◆ **ASSIGNMENT**:
Exact copy, no pictures: set down the lines from the one holding "สพฐ.สรุปบัญชีผู้สอบแข่งขันได้ ตำแหน่งครูผู้ช่วย ปี" through the final line of the records below.

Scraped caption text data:
☆ ☆ ☆ ☆ ☆
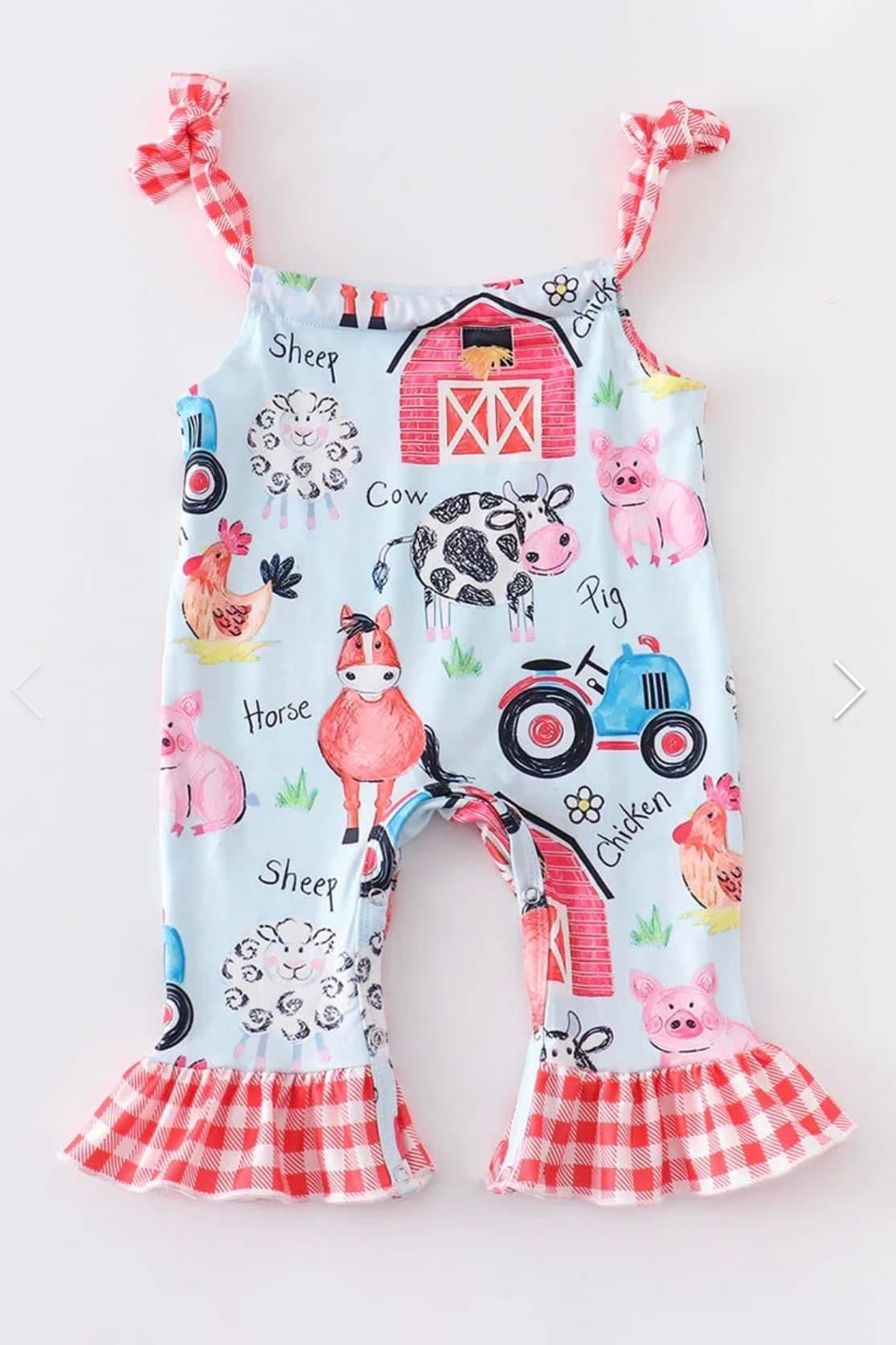 Blue Farm Romper By Honeydew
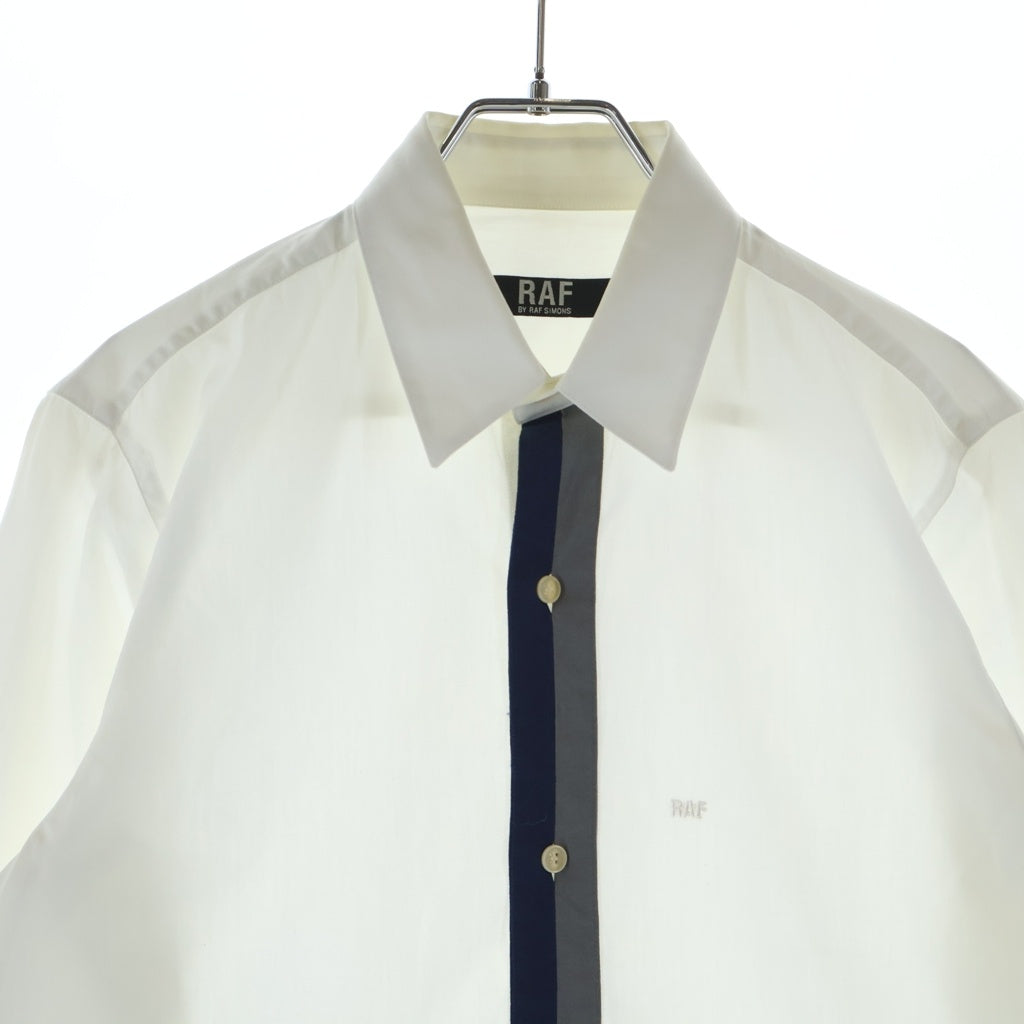 RAF BY RAF SIMONS(ラフ バイ ラフシモンズ) ロゴ エンブロイダリー コットン 長袖ボタンシャツ ホワイト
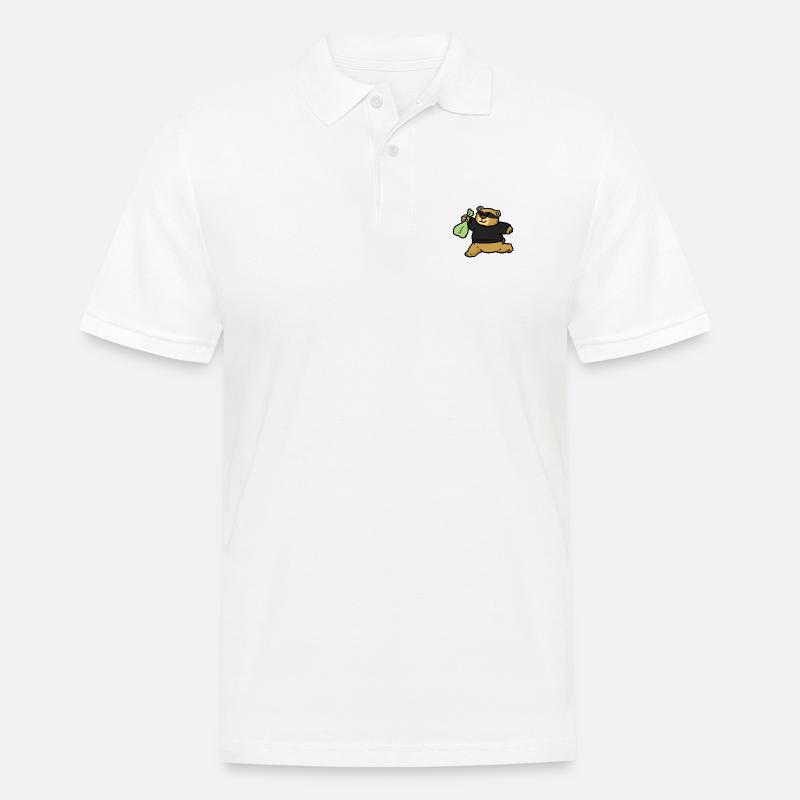 Robber Bear Robber Bär - Männer Poloshirt - Weiß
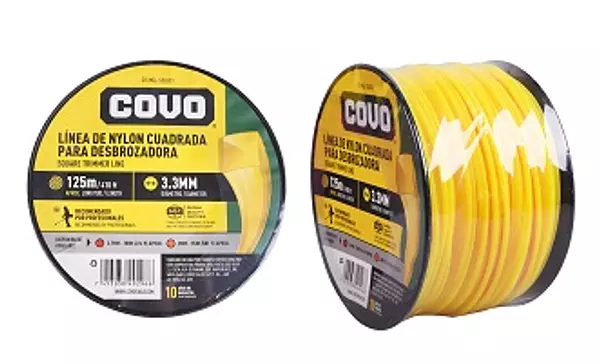 LINEA DE NYLON CUADRADA PARA DESBROZADORA 3LB, 3.3MM-125 MTS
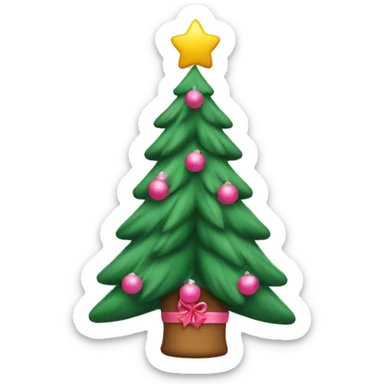 Christmas tree with teddy bear holding pink heert under sticker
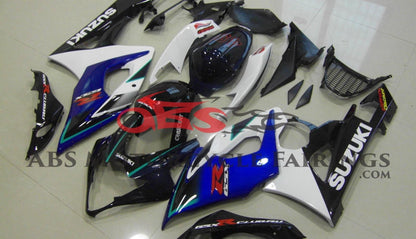 Blue, White and Black Fairing Kit for a 2005 & 2006 Suzuki GSX-R1000 motorcycle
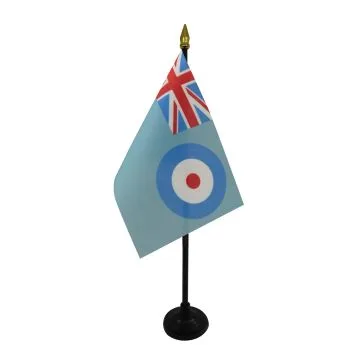 DRAPEAU DE TABLE ROYAL AIR FORCE BRITANNIQUE 15x10cm - PETIT DRAPEAUX DE BUREAU RAF ENSIGN - FORCE AÉRIENNE ROYALE BRITANNIQUE 10 x 15 cm pointe dorée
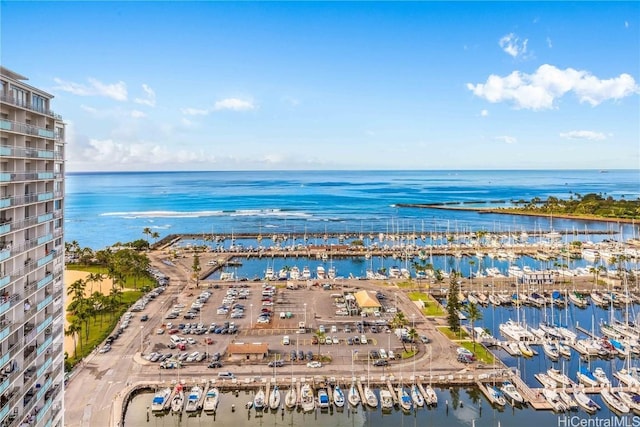 bird's eye view featuring a water view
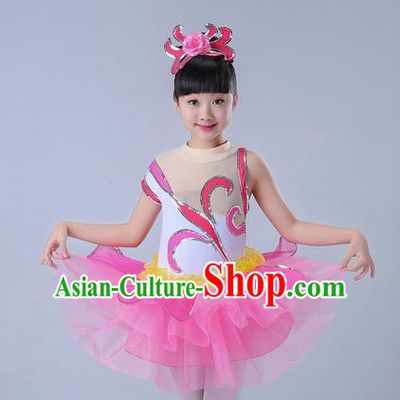 Top Grade Professional Compere Modern Dance Costume, Children Opening Dance Chorus Uniforms Jazz Dance Paillette Pink Bubble Dress for Girls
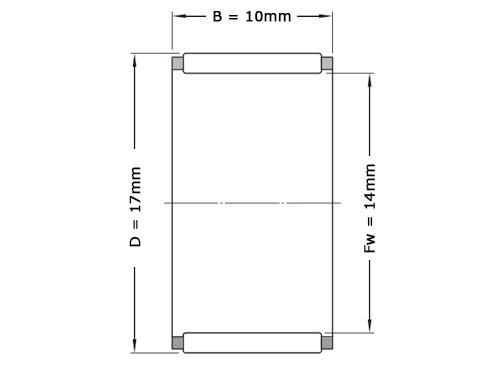 NTN Naaldlager K14X17X10 (14x17x10mm)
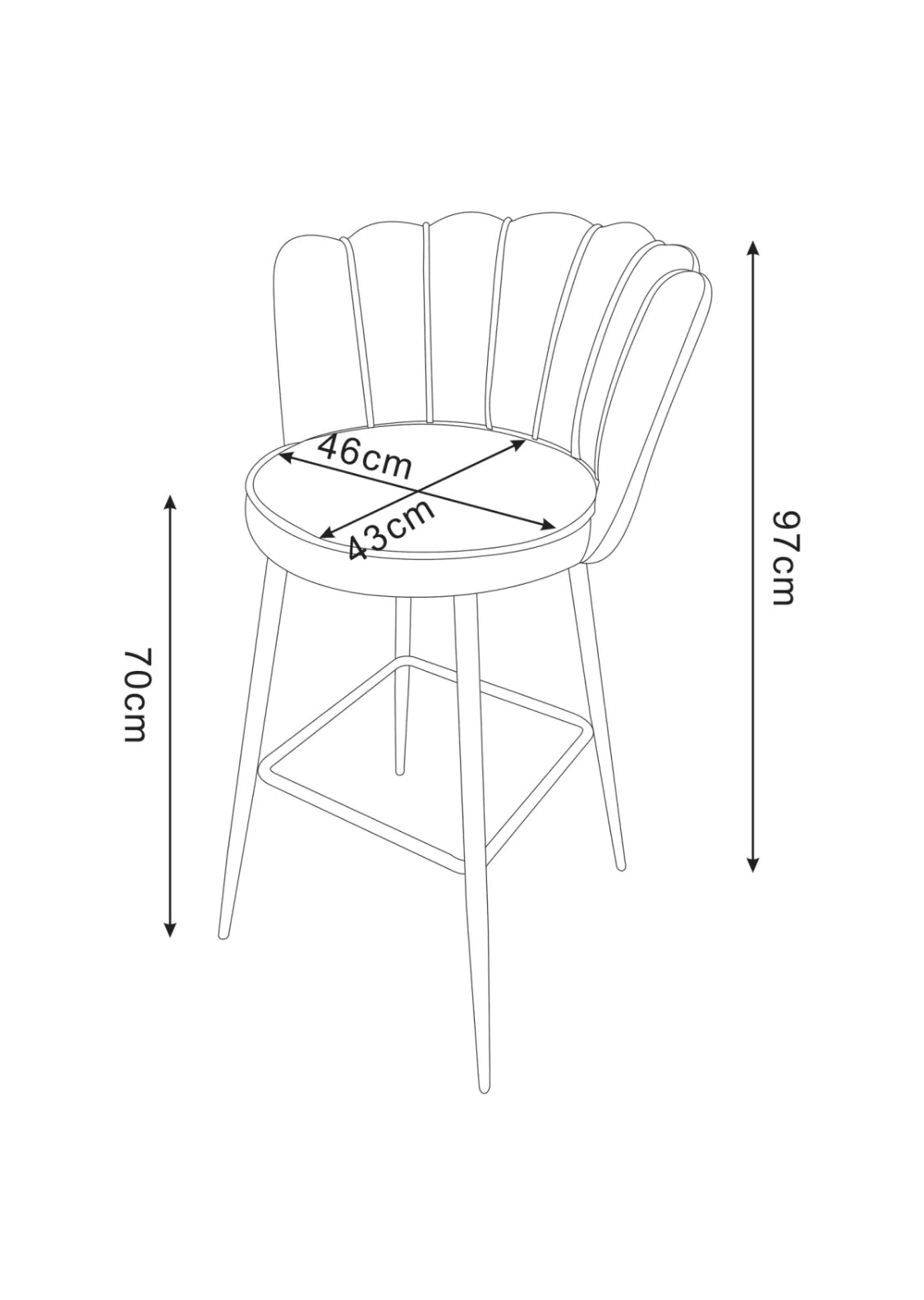 Tabouret de bar - LINA - tissu velours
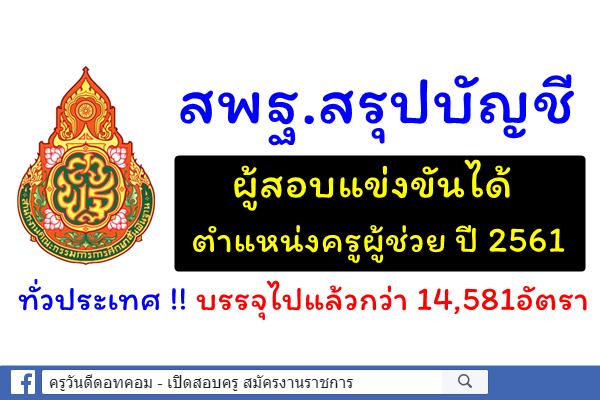 สพฐ.สรุปบัญชีผู้สอบแข่งขันได้ ตำแหน่งครูผู้ช่วย ปี 2561 ทั่วประเทศ !! บรรจุไปแล้วกว่า 14,581อัตรา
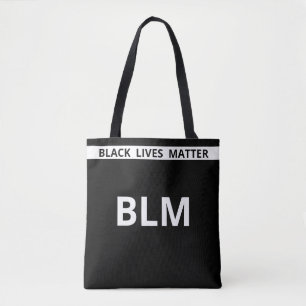Tote Bag Elegant Lives Matter BLM Texte sur Fond Noir & Bla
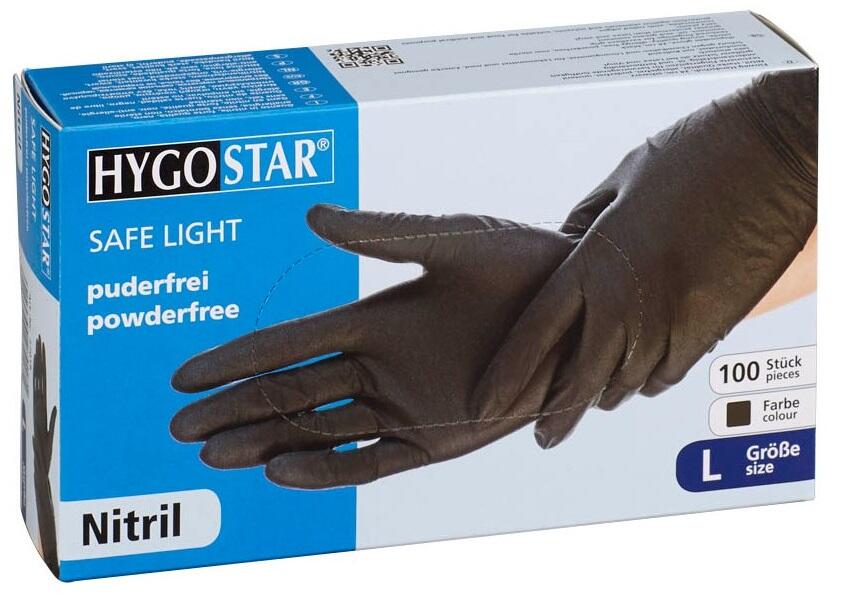 HYGOSTAR unisex Nitrilhandschuhe Safe Light schwarz Größe L - 100 Stück 27018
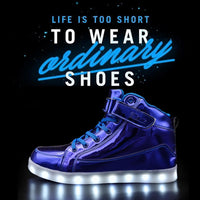 Trendy LED Sneakers with Rechargeable Lights - LumaBoost-Black-4-State of Style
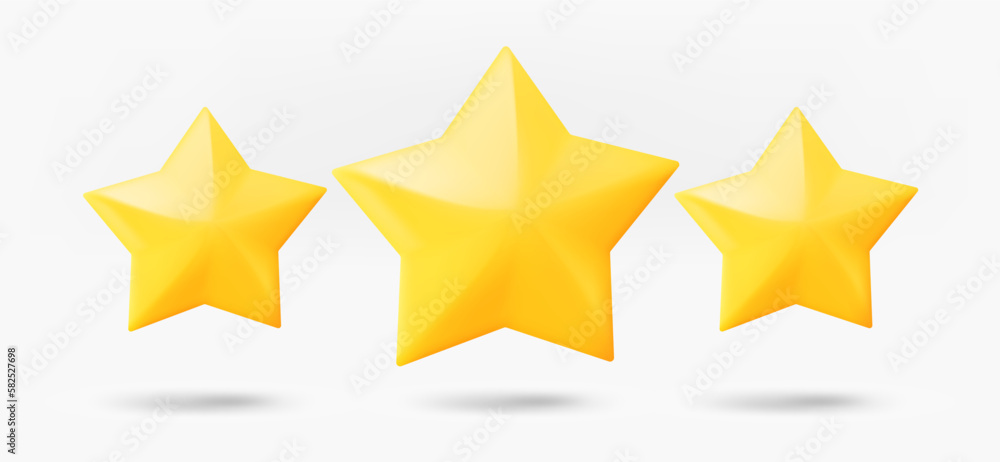 Poster three star rating stars concept. 3d vector isolated on white background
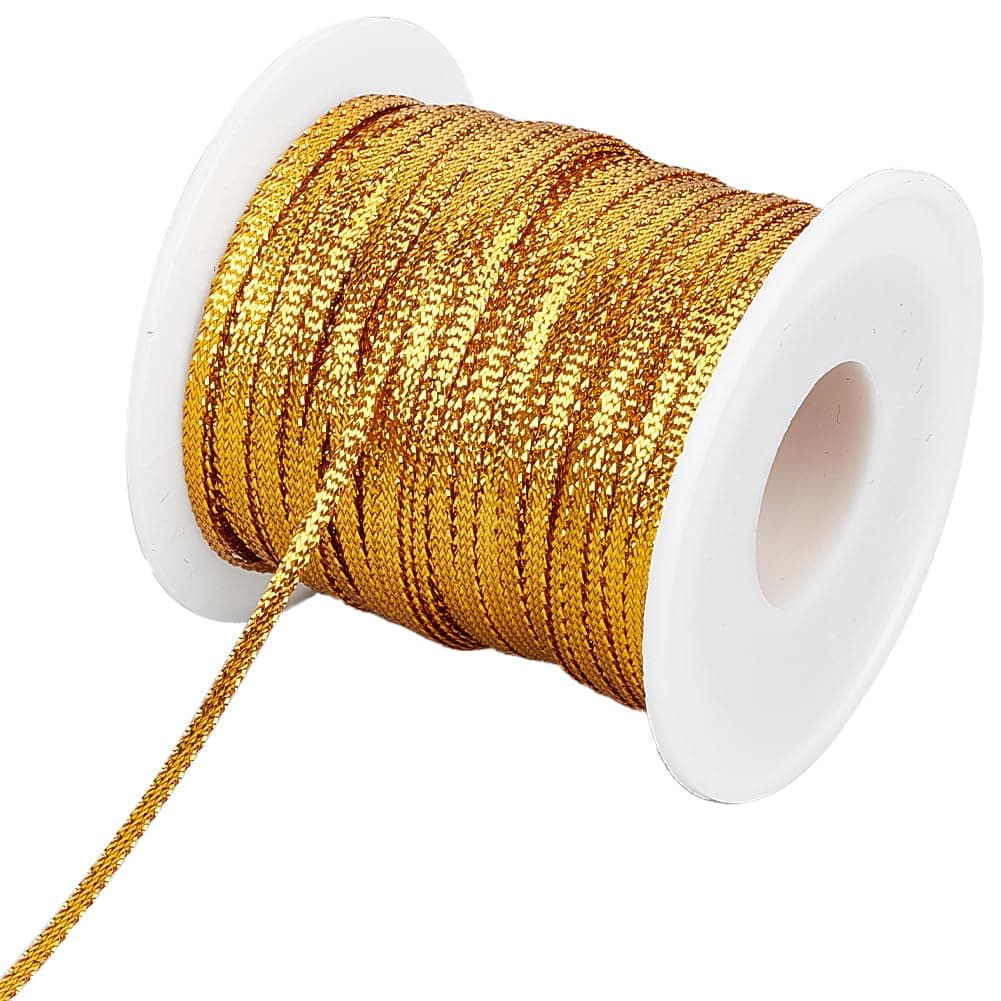 GORGECRAFT 100m Gold Metallic Dreadlock String 3mm Wrap Rope Nylon Braided Ribbon Hiphop Hair Tie Braiding Band String Sparkly Edge Twine Glitter Cord for Craft Hair Extension Sewing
☆ ☆ ☆ ☆ ☆
◆ **SOLUTION FOR THIS TASK**:
 สพฐ.สรุปบัญชีผู้สอบแข่งขันได้ ตำแหน่งครูผู้ช่วย ปี 2561 ทั่วประเทศ !! บรรจุไปแล้วกว่า 14,581อัตรา
Tote Bag Elegant Lives Matter BLM Texte sur Fond Noir & Bla
 HYGOSTAR unisex Nitrilhandschuhe Safe Light schwarz Größe L - 100 Stück 27018
 Trendy LED Sneakers with Rechargeable Lights - LumaBoost-Black-4-State of Style
 Poster three star rating stars concept. 3d vector isolated on white background
 GORGECRAFT 100m Gold Metallic Dreadlock String 3mm Wrap Rope Nylon Braided Ribbon Hiphop Hair Tie Braiding Band String Sparkly Edge Twine Glitter Cord for Craft Hair Extension Sewing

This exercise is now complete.